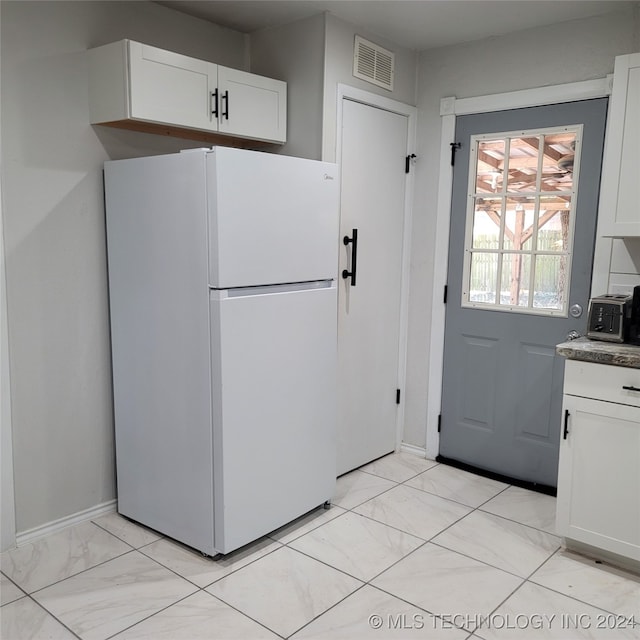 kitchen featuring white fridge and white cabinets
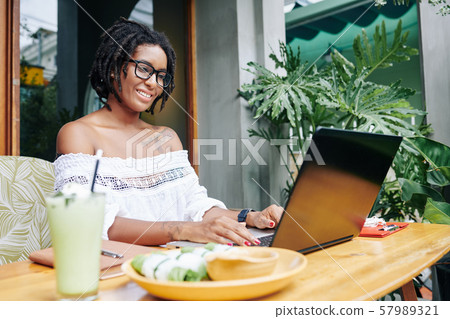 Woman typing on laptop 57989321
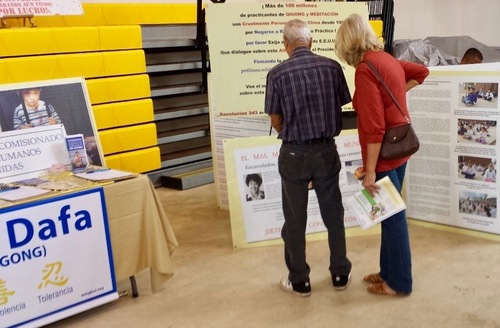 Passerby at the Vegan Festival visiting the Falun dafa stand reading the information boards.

EXERCISE REQUIREMENTS -
Each line from the one containing "Woman typing on laptop 57989321" through the end of the listing is to be set down exactly, with all pictures left out.

REPLY -
 Woman typing on laptop 57989321
 Passerby at the Vegan Festival visiting the Falun dafa stand reading the information boards.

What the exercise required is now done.